Establishing the oxygen evolution reaction pathway on iron-oxy-hydroxide through electro-kinetic study

Abstract

Electrokinetic analyses harnessing intrinsic reaction parameters of the electrocatalytic oxygen evolution reaction (OER) shed light on the reaction mechanism. Given the superior stability of the iron oxy-hydroxide under alkaline OER conditions, α-FeO(OH) and γ-FeO(OH) are often found to be the active catalyst. Herein, nanocrystalline α-FeO(OH) and γ-FeO(OH) materials are used as catalysts to perform alkaline OER and detailed electrokinetic studies are conducted to establish the reaction pathway.
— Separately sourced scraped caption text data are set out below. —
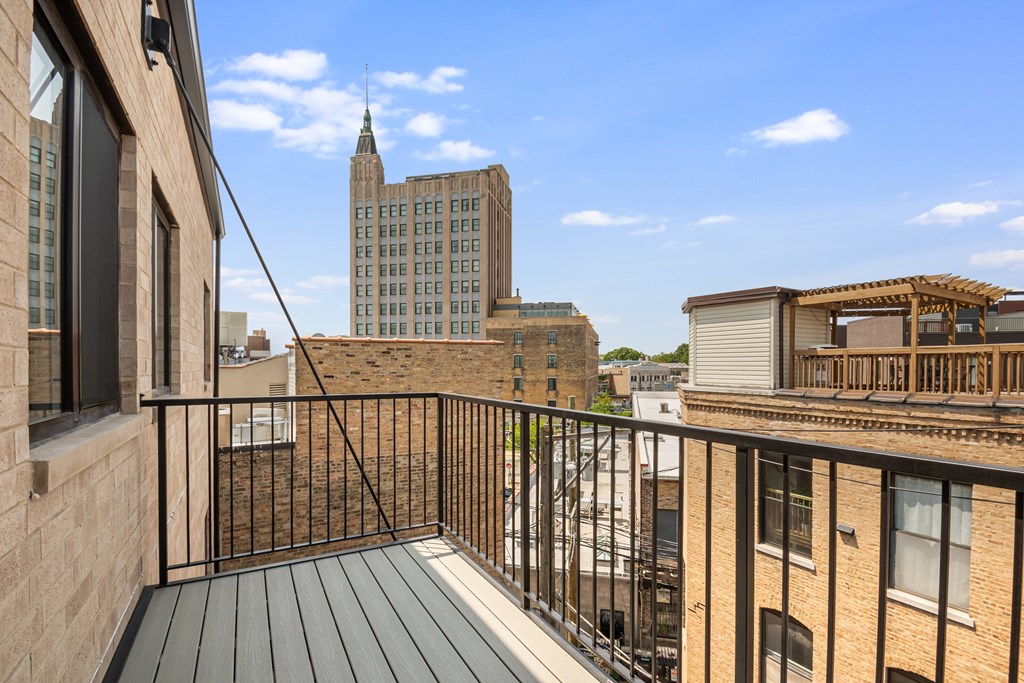 A balcony with a black railing and a view of a cityscape.
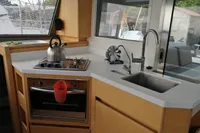 Modern kitchen in 2018 Nautitech 40 Open yacht with stove, sink, and oven.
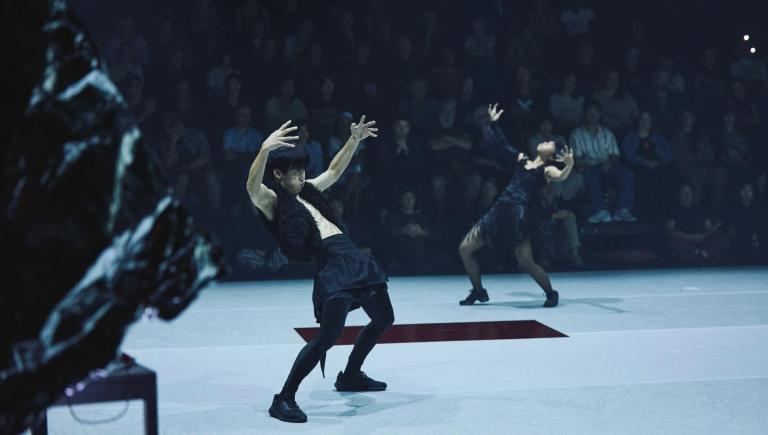 Dansare i åtsittande svarta käder böjer sig baklänges med armar och ben utsträckta längs sidorna. 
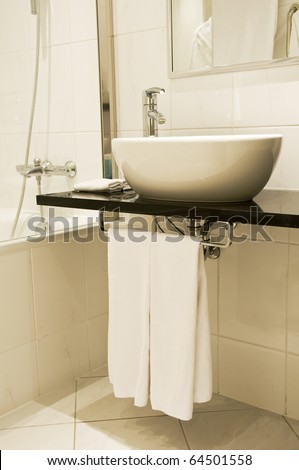 Bathroom fixtures with white washstand and faucet with towels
The intrinsic parameters like anodic transfer coefficient (α_a), specific exchange current density (j_0,s), activation energy ($E_a^0$), and reaction order (m) are experimentally determined for both FeO(OH) phases. To obtain these important parameters, OER is performed with α-FeO(OH) and γ-FeO(OH) deposited on nickel foam as anode while varying the cell temperature from 298 K to 343 K and electrolyte concentrations from 0.05 M to 2.0 M KOH. The j_0,s values for α-FeO(OH) and γ-FeO(OH) are almost comparable 2.5 ± 0.5 × 10⁻³ mA cm⁻² highlighting a similar rate of electron transfer. The activation energy barrier for OER on α-FeO(OH) and γ-FeO(OH) is identified to be 9.45 kJ mol⁻¹ and 8.06 kJ mol⁻¹, respectively and the values are manyfold less compared to that observed for previously reported IrO₂ or NiFeO_x materials emphasizing a faster kinetics on the FeO(OH) surface. The first-order reaction is determined from the electrolyte concentration variation suggesting the dissociation of O-H could be the rate-determining step (RDS) which is contrary to the mechanism proposed for IrO₂ or NiFeO_x where the O-O bond formation was found to be rate-limiting. Extracting the intrinsic reaction parameters from the electro-kinetics study, the OER pathway on the FeO(OH) surface has been established here.